Task statement>
Transcribe the entries below word for word, beginning at the line with "Used 2024 Chrysler" and stopping after the line with "Strappy Cropped Tank Top"; drop all pictures.

Task data>
BEGIN
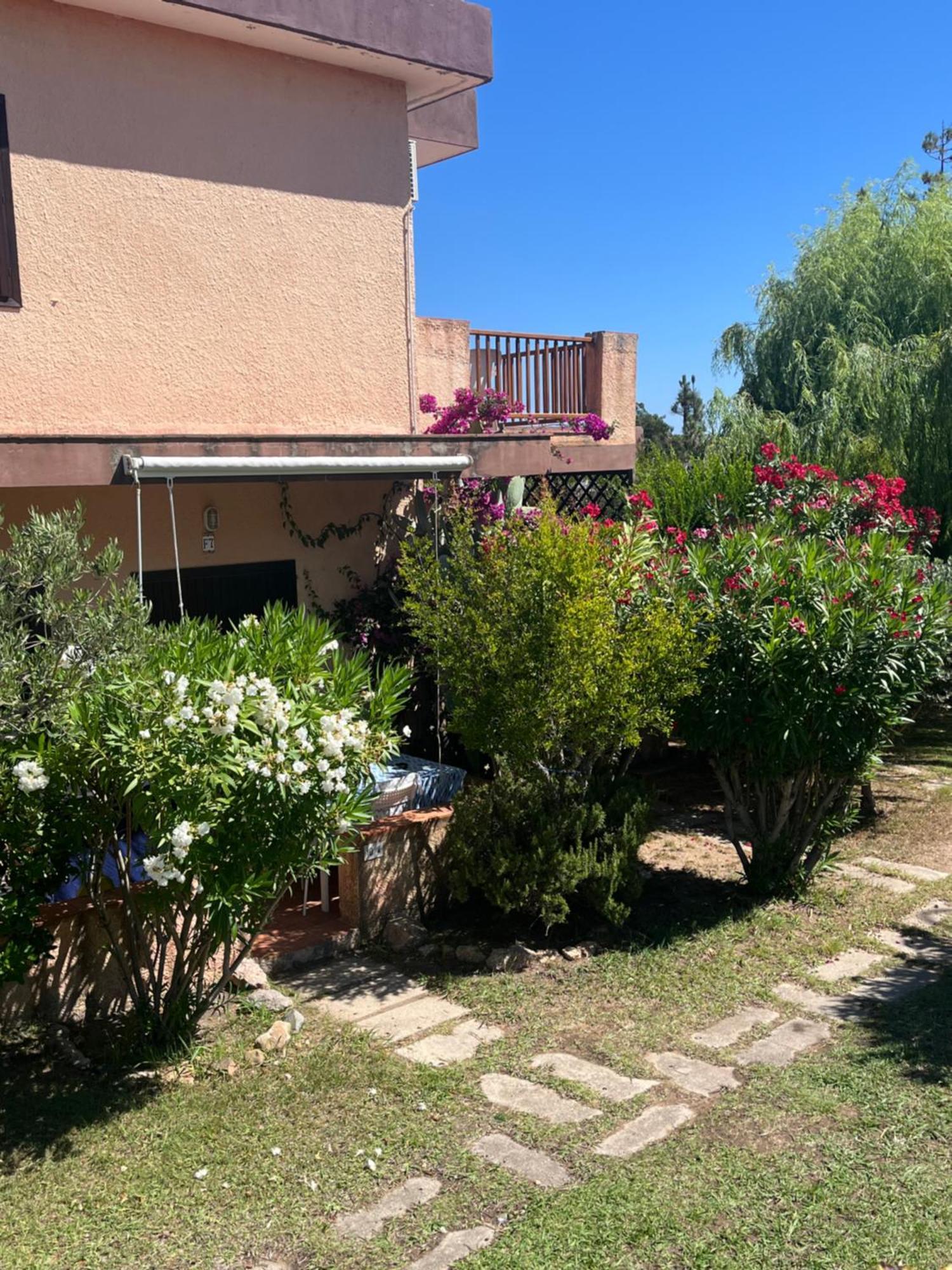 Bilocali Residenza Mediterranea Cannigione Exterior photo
END
BEGIN
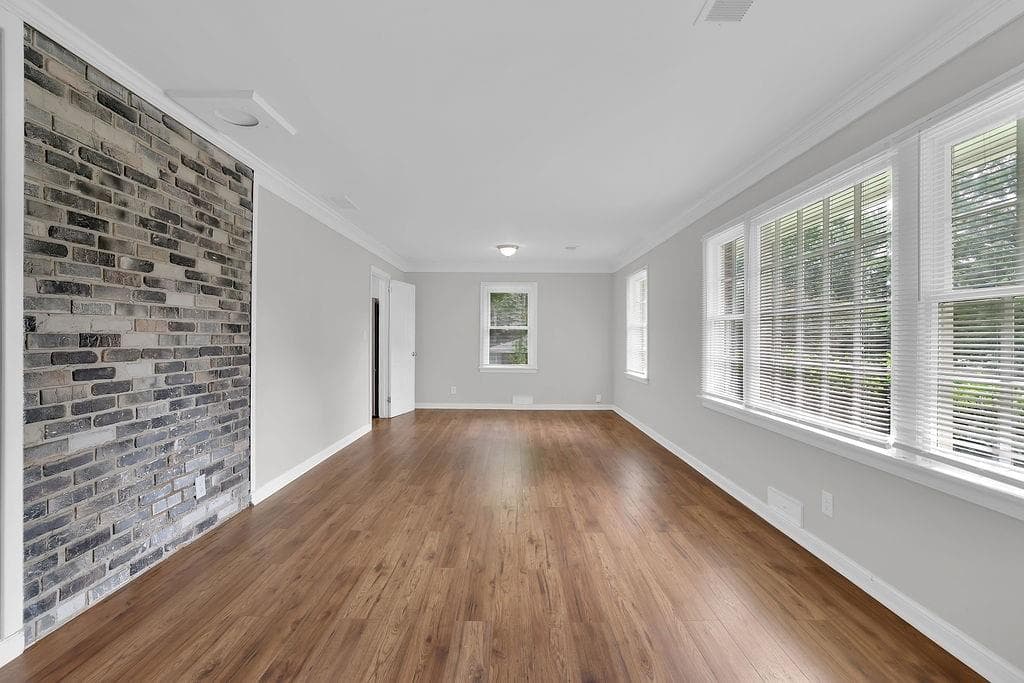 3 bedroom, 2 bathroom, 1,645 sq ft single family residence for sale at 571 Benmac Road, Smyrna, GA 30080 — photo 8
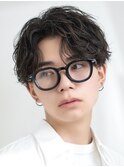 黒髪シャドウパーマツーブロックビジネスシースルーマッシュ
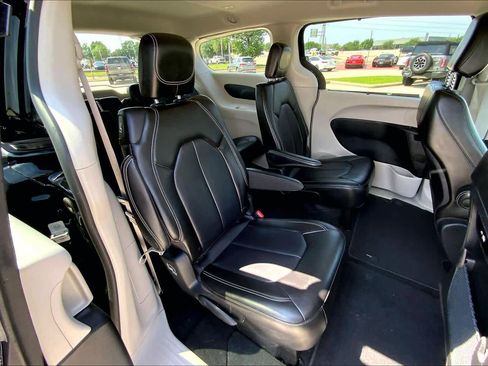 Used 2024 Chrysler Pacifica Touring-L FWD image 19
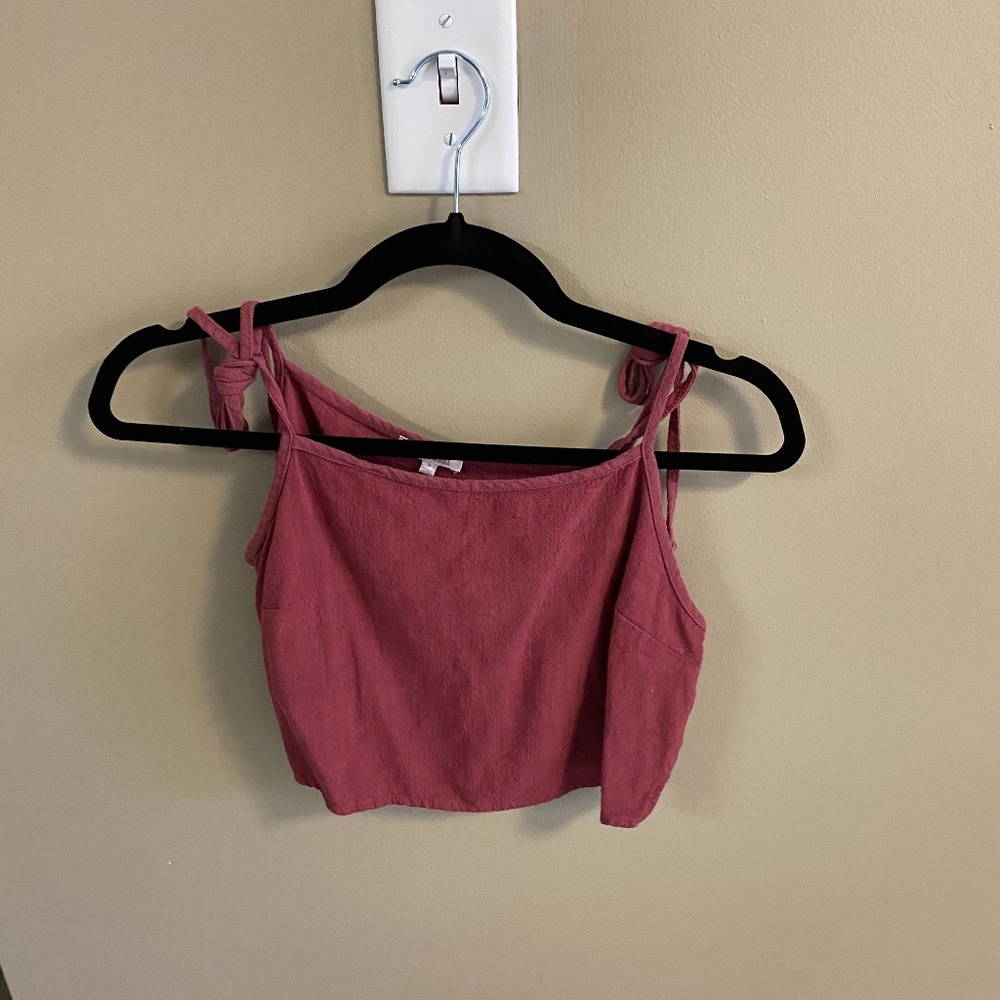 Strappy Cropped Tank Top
END
Output for this task>
 Used 2024 Chrysler Pacifica Touring-L FWD image 19
 Strappy Cropped Tank Top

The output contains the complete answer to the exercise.